Mehr als nur nett und schön

Mit der neuen Rhetorik will Trudeau seinen Landsleuten außerdem zeigen, dass er mehr kann, als nur nett und schön zu sein. Kurzfristig dürfte das seinem Ansehen in Kanada nützen und sein Profil schärfen. Langfristig allerdings könnte die Strategie von Justin Trudeau nach hinten losgehen. Denn einen ausgewachsenen Handelskrieg mit den Vereinigten Staaten kann der kleinere Partner Kanada auf Dauer nicht gewinnen.

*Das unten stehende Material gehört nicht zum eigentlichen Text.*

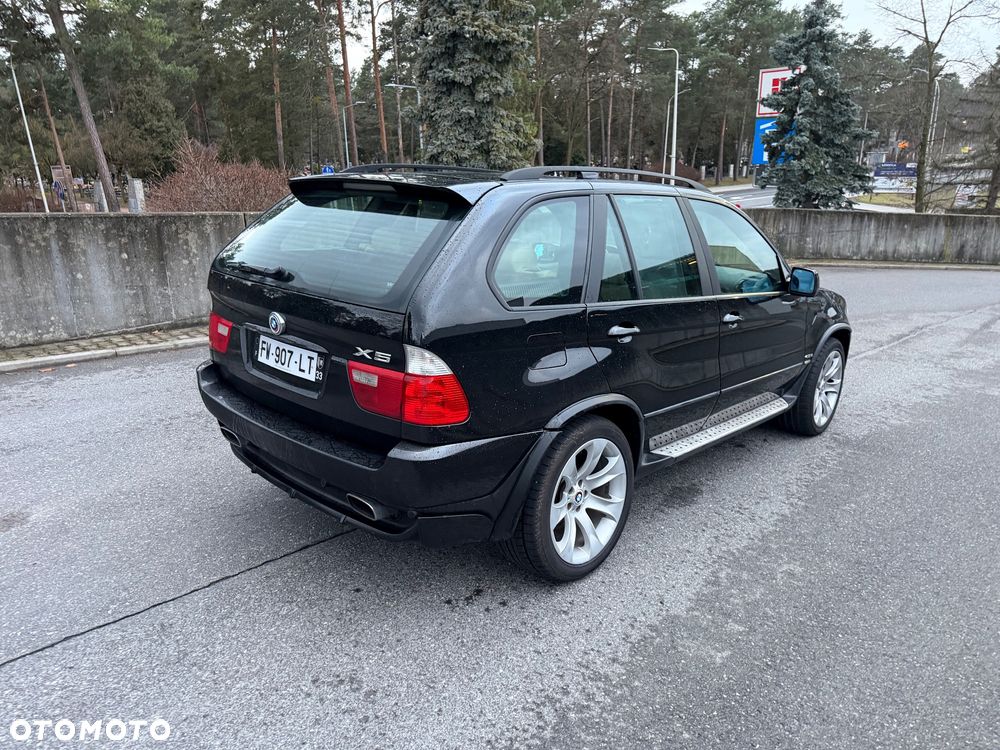BMW X5 4.8is - 3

Viele Kanadier müssten in einem solchen Fall mit höheren Preisen für Alltagsprodukte rechnen, manche müssen um ihre Jobs fürchten. Besonders dann, wenn Trump tatsächlich auch die Autoindustrie mit Zöllen belegt. Nicht ausgeschlossen, dass die Wähler dafür am Ende den Premierminister verantwortlich machen. Für Justin Trudeau sind die Zeiten nach dem Gipfel nicht eben leichter geworden.